MACD memberikan sinyal beli ketika garis DIFF melintasi di atas garis DEA (golden cross), dan sinyal jual ketika garis DIFF melintasi di bawah garis DEA (death cross). Perkuat sinyal dengan konfirmasi volume trading.
Level overbought RSI adalah 70 dan oversold 30 untuk perdagangan TRX. RSI di atas 70 menandakan pasar jenuh beli dan potensi penurunan harga. RSI di bawah 30 menunjukkan pasar jenuh jual, mengindikasikan peluang kenaikan harga.
Bollinger Bands mengidentifikasi volatilitas dan potensi breakout TRX dengan menandai level jenuh beli/jual. Jika harga menembus band atas, maka sinyal momentum naik kuat. Band yang menyempit menandakan volatilitas rendah sebelum lonjakan harga, sedangkan perluasan band mengonfirmasi kekuatan tren.
Kombinasikan MACD untuk arah tren, RSI untuk level jenuh beli/jual, dan Bollinger Bands untuk volatilitas. Sinyal terkonfirmasi saat MACD melintasi garis sinyal, RSI bergerak berbeda dari harga, dan harga menyentuh Bollinger Bands. Pendekatan multi-indikator ini memperkuat peluang trading TRX di 2026.

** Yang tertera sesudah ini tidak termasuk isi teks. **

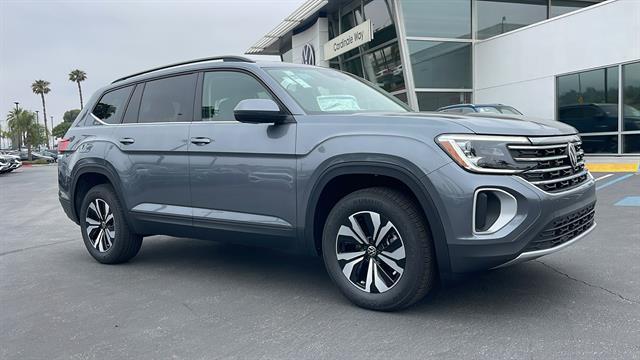 new 2025 Volkswagen Atlas car, priced at $38,725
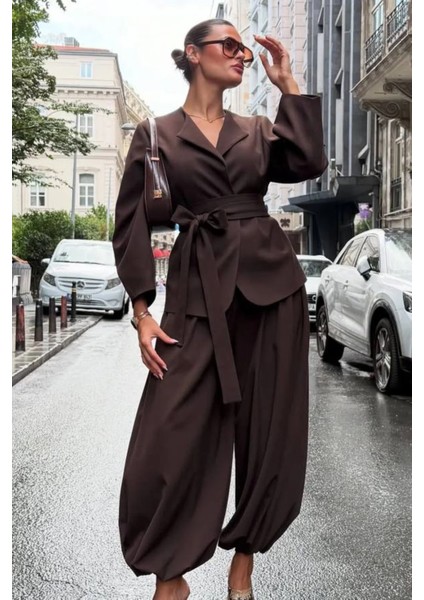 Kadın Kemer Detaylı Blazer Ceket Şalvar Pantolon Şık Takım fırsatları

Outlook teknikal TRX di 2026 sangat positif. Kenaikan TVL dan aktivitas DApp yang semakin tinggi menandakan kepercayaan pengguna dan pengembang. Indikator ini mengindikasikan pertumbuhan jaringan yang sehat dan potensi ekspansi besar untuk ekosistem TRX.
Atur stop-loss di atas harga entry dan take-profit di bawah harga entry berdasarkan sinyal MACD, RSI, dan Bollinger Bands. Gunakan stop ketat 0,5-1% di atas entry untuk tren turun, dan tempatkan take-profit di level support yang diidentifikasi indikator untuk manajemen risiko optimal.
MACD paling efektif untuk trading TRX jangka panjang dalam analisis arah tren. RSI sangat cocok untuk trading jangka pendek dalam deteksi jenuh beli/jual. Bollinger Bands optimal untuk trading jangka pendek dalam analisis breakout dan level support/resistance.